Surmonter peurs et angoisses
On n’a pas encore établi que les enfants ont besoin des contes de fées pour surmonter leurs peurs et leurs angoisses. Mais Kristin Wardetsky a bien mis en évidence, dans une étude sur la réécriture des contes par les enfants, que le happy end qu’ils préfèrent est celui qui ramène même le plus méchant des méchants dans le giron familial. Vivre ensemble dans une joie perpétuelle est, à leurs yeux, la meilleure des revanches. Cendrillon de Perrault, où les deux demi-sœurs rivales sont finalement pardonnées et admises à vivre au palais, exerce certainement un attrait particulier sur les petits par sa reconstitution de la cellule familiale.
Si les enfants ont un tel besoin de sérénité, de plénitude et d’harmonie, pourquoi cette multitude d’ogres, de méchants et de monstres dans les recueils de contes de fées ? Comment expliquer cette fascination pour les géants et les gnomes, les sorcières, les croque-mitaines et les jeteuses de sort ? Et pourquoi l’enfant héros de contes de fées est-il si souvent victime de cruels parents qui n’hésitent pas à l’envoyer dans la forêt où grouillent bêtes sauvages et monstres ?

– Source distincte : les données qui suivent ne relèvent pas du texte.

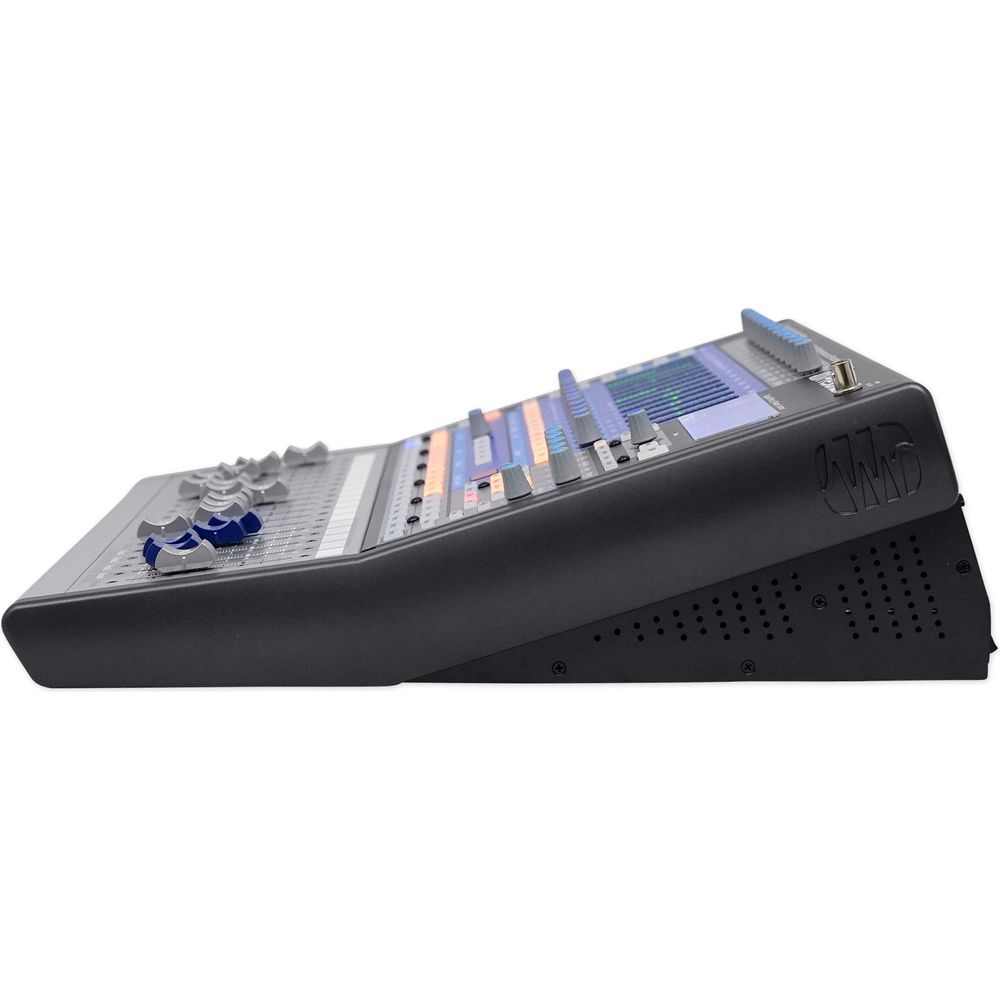 StudioLive 16.0.2 USB Mixer + (8) RMC-XLR Microphones + (15) XLR Cables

Si dans la demeure familiale, les protagonistes enfants manquent d’amour et d’attention, dans la forêt (métaphorique ou réelle), ils sont exposés à un péril encore plus grand. Un désir démesuré et une passion monstrueuse poussent leurs adversaires cannibales à les dévorer, à les faire disparaître. L’appétit des géants, des ogres et des sorcières révèle qu’un excès d’amour peut être encore plus dangereux que son contraire. Abandon et cannibalisme, telles sont les peurs jumelles auxquelles est confronté non seulement l’enfant du conte, mais aussi celui qui l’écoute, qui suit les tribulations et les épreuves du petit Poucet français, des Allemands Hänsel et Gretel ou de l’Anglaise Mollie Whuppie.

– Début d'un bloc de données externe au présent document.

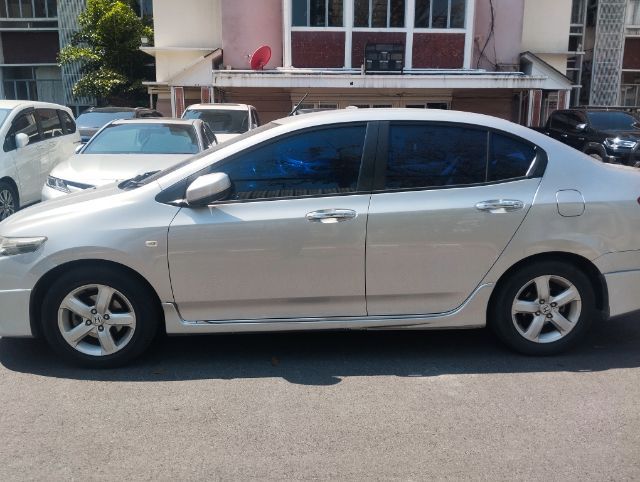 รถ Honda City 1.5 S i-VTEC สี บรอนซ์ทอง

Pour certains spécialistes, les sorcières, les ogres et les géants du folklore seraient des figures parentales dont les carences éclatent au grand jour. Pour d’autres, ces prédateurs surhumains présenteraient de troublantes ressemblances avec les petits enfants. "Avec leur appétit débridé, leur insatiable tyrannie, leur désir inextinguible de gratification, les monstres qui hantent l’imaginaire populaire sont exactement comme… des bébés, de grands bébés", remarque Marina Warner. Vus sous cet angle, les contes de fées, plus que des psychodrames de la vie familiale, mettraient en scène des conflits intérieurs. Autrement dit, les démons terrifiants des contes de fées ne seraient que les alter ego de l’enfant, qui cherchent à s’exprimer dans des histoires. Les enfants sont apparemment capables de s’identifier aussi bien aux victimes qu’aux méchants, de passer sans difficulté d’une chaleureuse empathie avec le Petit Chaperon rouge à un soutien allègre au loup.

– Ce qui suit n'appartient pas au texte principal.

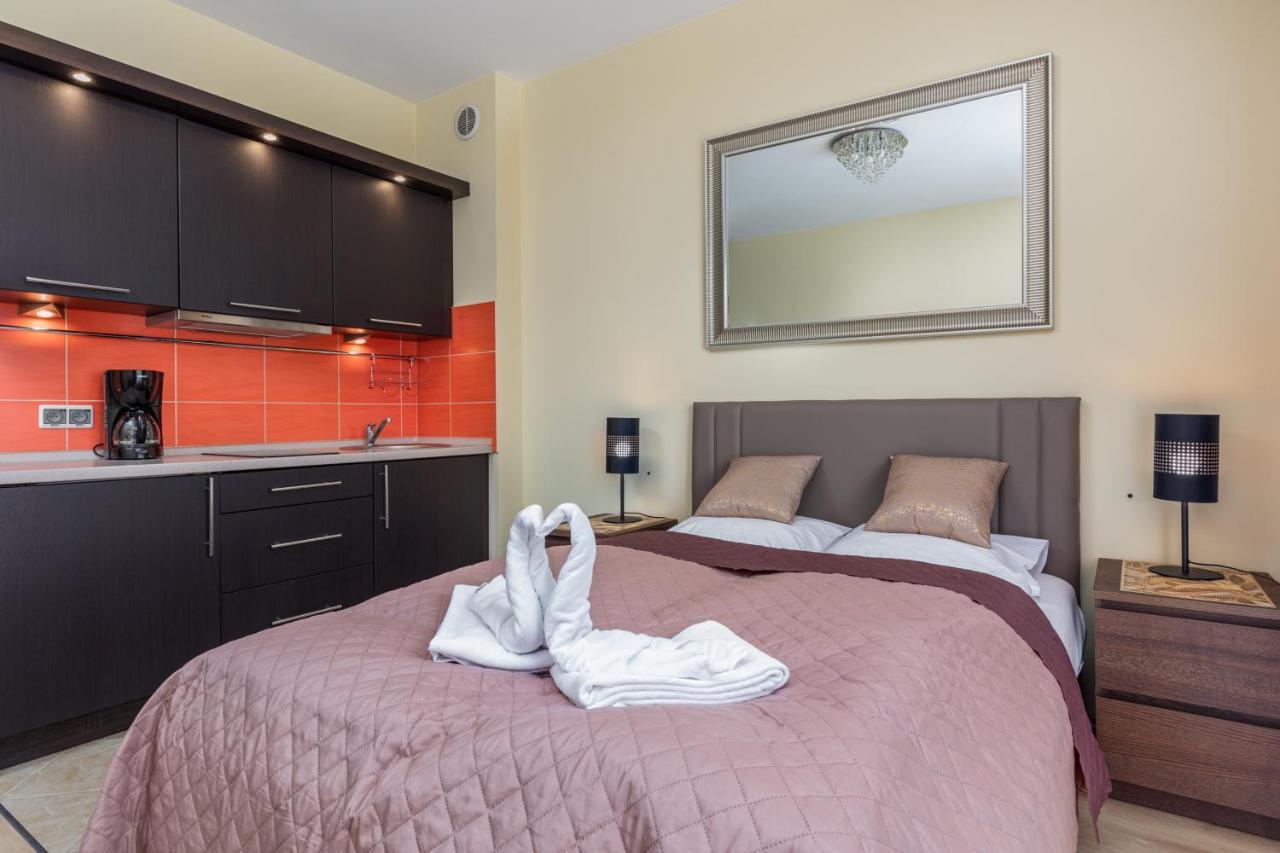 Apartamenty Trzy Korony By Noclegi Renters Świnoujście  Eksteriør billede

Personne n’a davantage fait pour promouvoir cette interprétation des contes de fées que le pédopsychologue Bruno Bettelheim, dont l’ouvrage, Psychanalyse des contes de fées (1976), a passionné les adultes des deux côtés de l’Atlantique.
   

Le conte, un moyen thérapeutique ?
Depuis quelques dizaines d’années, les pédopsychologues voient dans les contes de fées un formidable moyen thérapeutique susceptible d’aider enfants et adultes à résoudre leurs difficultés en réfléchissant sur les conflits incarnés dans ces histoires. Le texte devient un adjuvant permettant au lecteur de surmonter ses peurs, de s’affranchir de ses sentiments hostiles et de ses pulsions destructrices. En explorant le monde des fantasmes et de l’imagination, en allant jusqu’au bout de conflits anxiogènes, l’individu affronte ses peurs, les maîtrise et s’en libère. Plus globalement, la véritable magie du conte de fées réside dans sa capacité à transformer la souffrance en plaisir. En donnant corps aux fantasmes de notre imagination sous forme d’ogres, de sorcières, de cannibales et de géants, les contes de fées suscitent l’effroi, pour le voir aussitôt vaincu par le plaisir de sa représentation.